§ **HOW TO COMPLETE THIS TASK**: The expected output is the data below, character for character, without its pictures.

§ **DATASET EXTRACT**:
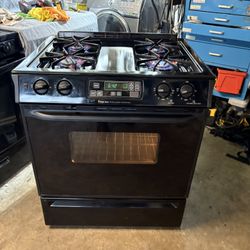 MAGIC CHEF GAS  SLIDE IN STOVE  BLACK EVERYTHING WORKING ESTUFA DE GAS MUY BUENA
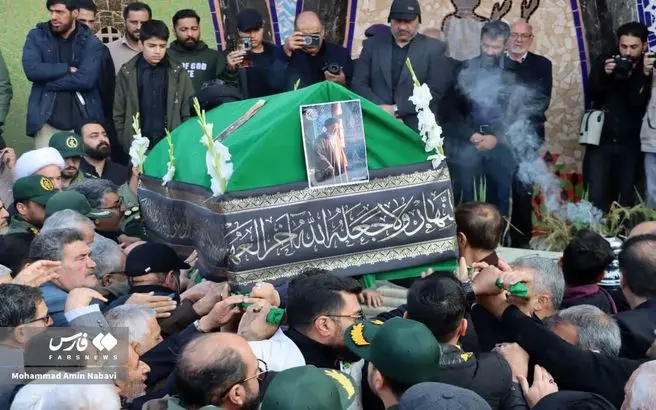 تصاویر تشییع پیکر آیت‌الله شاهچراغی در سمنان 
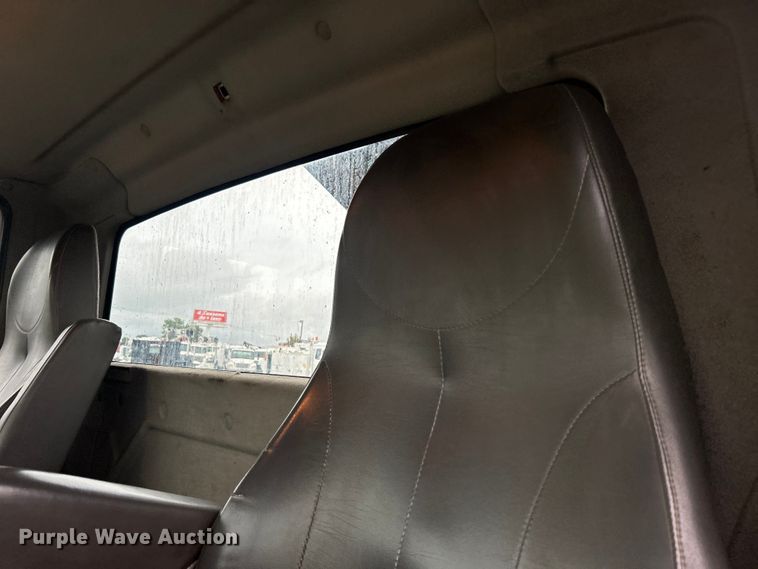 image for item EG0831 2011 International  7600 SBA dump truck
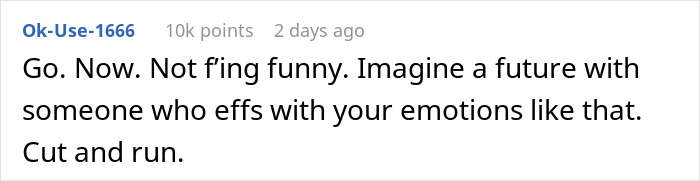 Guy &#8216;Pranks&#8217; His GF Of 5 Years With A Fake Proposal, Cries When She Dumps Him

§ **EXPECTED ANSWER**:
 MAGIC CHEF GAS  SLIDE IN STOVE  BLACK EVERYTHING WORKING ESTUFA DE GAS MUY BUENA
 تصاویر تشییع پیکر آیت‌الله شاهچراغی در سمنان 
 image for item EG0831 2011 International  7600 SBA dump truck
 Guy &#8216;Pranks&#8217; His GF Of 5 Years With A Fake Proposal, Cries When She Dumps Him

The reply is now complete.